> _ACTION ITEM_:
What you write must be the lines from the one holding "Crocodile skin back" through the final line of the records below, reproduced exactly, minus the pictures.

> _DATASET ENTRIES_:
- Opening Delimiter -
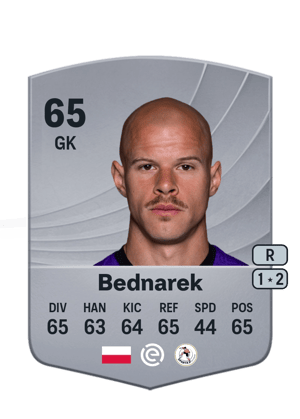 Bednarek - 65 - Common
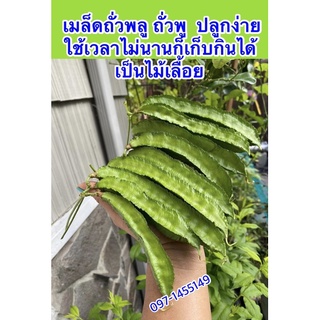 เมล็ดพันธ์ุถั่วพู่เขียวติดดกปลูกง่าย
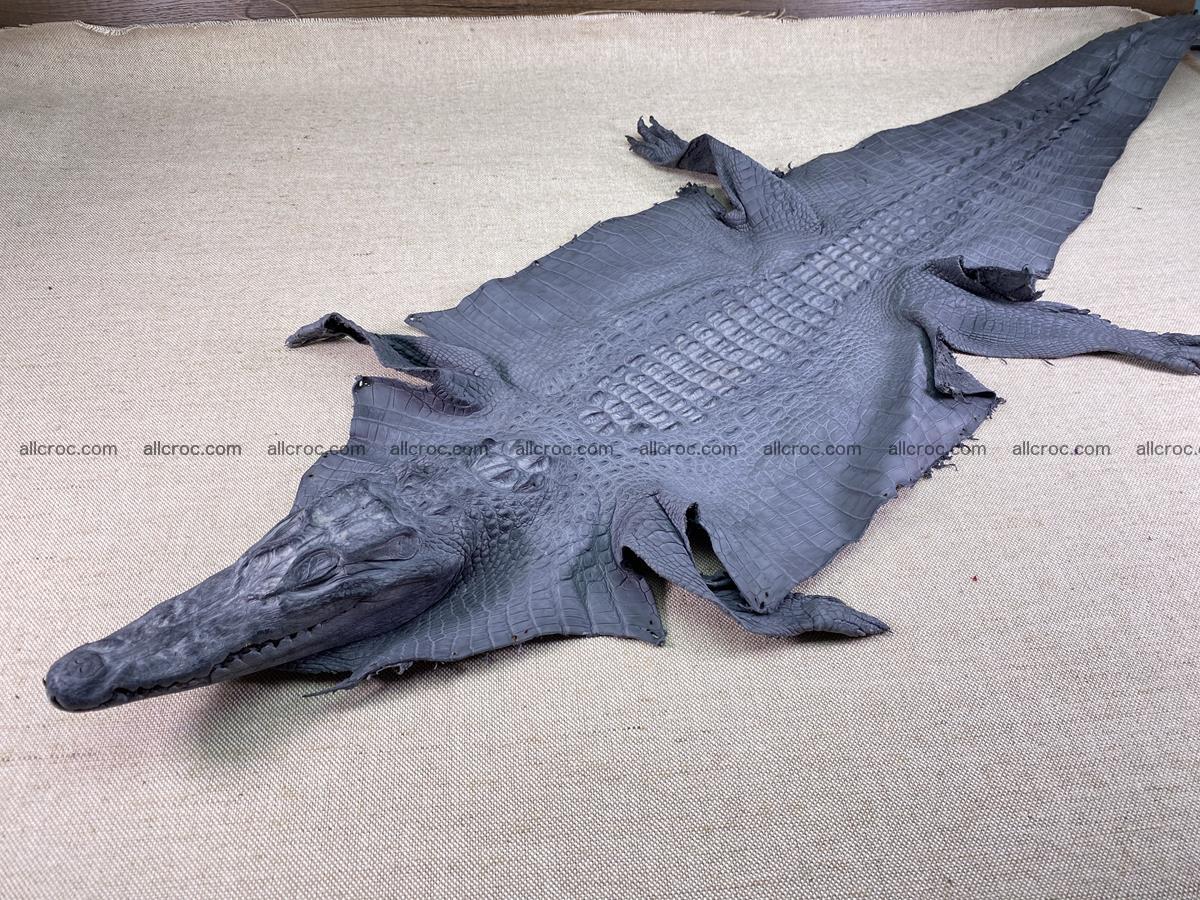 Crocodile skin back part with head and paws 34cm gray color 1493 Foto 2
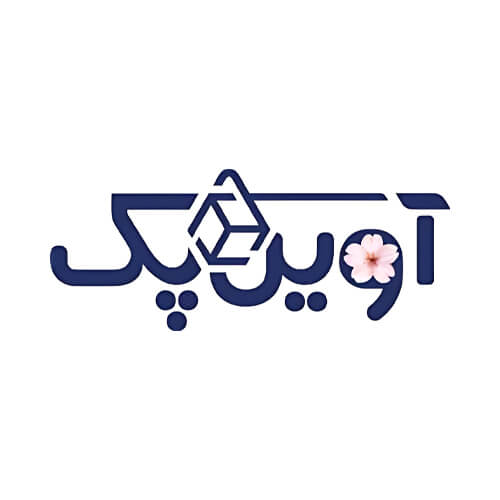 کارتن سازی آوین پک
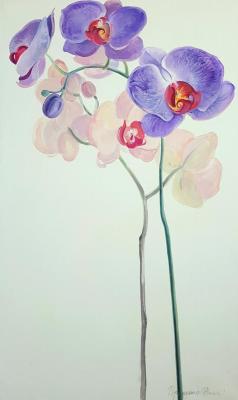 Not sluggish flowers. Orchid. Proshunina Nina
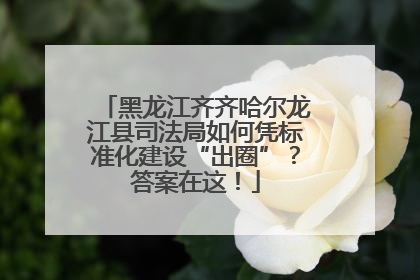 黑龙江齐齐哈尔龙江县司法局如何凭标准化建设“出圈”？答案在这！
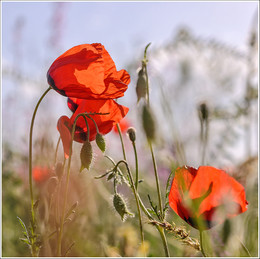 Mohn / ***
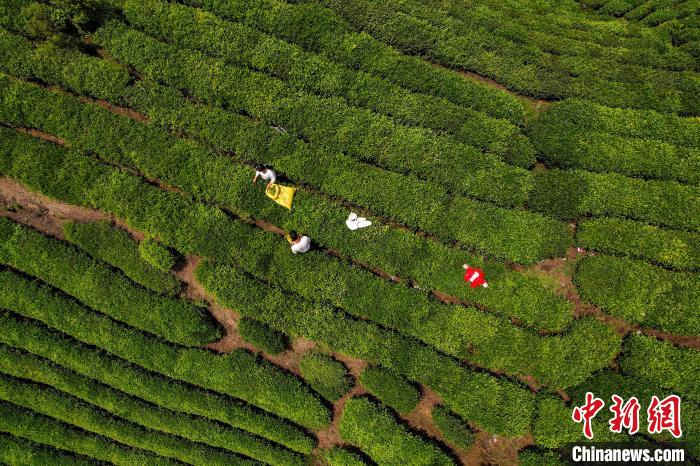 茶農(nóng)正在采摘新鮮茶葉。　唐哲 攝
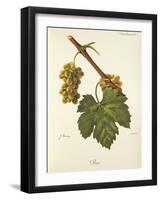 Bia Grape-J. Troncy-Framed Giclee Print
- Closing Delimiter -
> _RESULT OF THE TASK_:
 Crocodile skin back part with head and paws 34cm gray color 1493 Foto 2
 کارتن سازی آوین پک
 Not sluggish flowers. Orchid. Proshunina Nina
 黑龙江齐齐哈尔龙江县司法局如何凭标准化建设“出圈”？答案在这！
 Mohn / ***
 茶農(nóng)正在采摘新鮮茶葉。　唐哲 攝
 Bia Grape-J. Troncy-Framed Giclee Print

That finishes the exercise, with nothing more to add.